Sir Harry Parkes (1828 – 1865) was a British diplomat who served as the Consul to the Qing Empire of China, the Tokugawa shogunate of Japan, and the Joseon dynasty of Korea over the span of three decades.
Parkes was the British Consul to the Qing during and after the Second Opium War from 1841 until 1864. In 1865, he was selected to replace Sir Rutherford Alcock as the Consul to Japan. Two years later, Parkes gained an assistant named William Lloyd, who unbeknownst to him was secretly a member of the British Rite of the Templar Order. Thus, he became an unwitting Templar pawn in their goal of re-establishing the power of their Japanese counterparts and the Imperial Court in Kyoto led by Crown Prince Mutsuhito. Parkes also dealt with the Icarus affair as the British Empire's top negotiator.
Parkes became a high-profile target for the Japanese Brotherhood of Assassins, due to his association with Lloyd. One night, the Assassins sent a shinobi named Issa to kill the British consul. Issa had dispatched several British soldiers and attempted to assassinate Parkes. Luckily for him, Lloyd stopped Issa and cut off his hand before finishing the Assassin off with a firearm.
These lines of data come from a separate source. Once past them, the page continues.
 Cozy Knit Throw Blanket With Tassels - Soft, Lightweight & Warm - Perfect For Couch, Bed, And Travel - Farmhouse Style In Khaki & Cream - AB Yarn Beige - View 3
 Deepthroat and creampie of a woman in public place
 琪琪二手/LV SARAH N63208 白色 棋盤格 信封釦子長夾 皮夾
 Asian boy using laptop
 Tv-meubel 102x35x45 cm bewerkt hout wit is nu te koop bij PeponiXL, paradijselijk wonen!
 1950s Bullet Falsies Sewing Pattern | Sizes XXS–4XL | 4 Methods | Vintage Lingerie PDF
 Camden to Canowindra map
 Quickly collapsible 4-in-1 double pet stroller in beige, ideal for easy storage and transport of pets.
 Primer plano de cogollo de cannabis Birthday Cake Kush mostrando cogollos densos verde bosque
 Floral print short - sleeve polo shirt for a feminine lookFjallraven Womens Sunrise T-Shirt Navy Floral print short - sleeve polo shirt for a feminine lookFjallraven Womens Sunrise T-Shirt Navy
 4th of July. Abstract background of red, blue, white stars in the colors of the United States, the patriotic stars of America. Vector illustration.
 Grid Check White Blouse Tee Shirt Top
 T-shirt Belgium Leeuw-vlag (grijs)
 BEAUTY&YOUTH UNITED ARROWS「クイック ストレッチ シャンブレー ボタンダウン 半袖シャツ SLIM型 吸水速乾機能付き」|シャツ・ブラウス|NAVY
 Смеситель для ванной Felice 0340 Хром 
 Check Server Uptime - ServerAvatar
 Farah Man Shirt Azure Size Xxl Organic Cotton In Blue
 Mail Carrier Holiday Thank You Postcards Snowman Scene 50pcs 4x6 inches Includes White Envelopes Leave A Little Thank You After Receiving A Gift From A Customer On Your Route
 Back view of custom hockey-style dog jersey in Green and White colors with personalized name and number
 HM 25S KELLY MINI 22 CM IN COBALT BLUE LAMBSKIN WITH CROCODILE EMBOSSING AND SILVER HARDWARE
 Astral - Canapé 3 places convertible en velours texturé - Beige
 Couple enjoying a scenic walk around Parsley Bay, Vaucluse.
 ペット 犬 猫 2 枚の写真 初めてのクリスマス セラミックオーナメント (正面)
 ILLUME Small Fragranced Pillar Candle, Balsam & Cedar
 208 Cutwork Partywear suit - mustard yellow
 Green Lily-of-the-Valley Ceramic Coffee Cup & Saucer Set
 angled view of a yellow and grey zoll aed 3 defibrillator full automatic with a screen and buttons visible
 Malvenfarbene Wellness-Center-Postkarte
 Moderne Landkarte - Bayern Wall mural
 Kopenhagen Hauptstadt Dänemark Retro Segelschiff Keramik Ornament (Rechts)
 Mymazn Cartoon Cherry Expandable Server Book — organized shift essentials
During the Boshin War, Parkes opted to remain neutral in the struggle between Imperial and shogunate forces. After the Battle of Aizu, which ended in a decisive Imperial victory and sealed the fate of the Tokugawa shogunate, Parkes was invited to meet French Army officer Jules Brunet, a member of the French Brotherhood of Assassins. After congratulating the Consul for the victory of his allies, Brunet warned Parkes that "they won a battle, but not the war". Parkes was oblivious to his statement and was unaware about the larger conflict between the Assassins and Templars, remarking that Britain and France were not at war.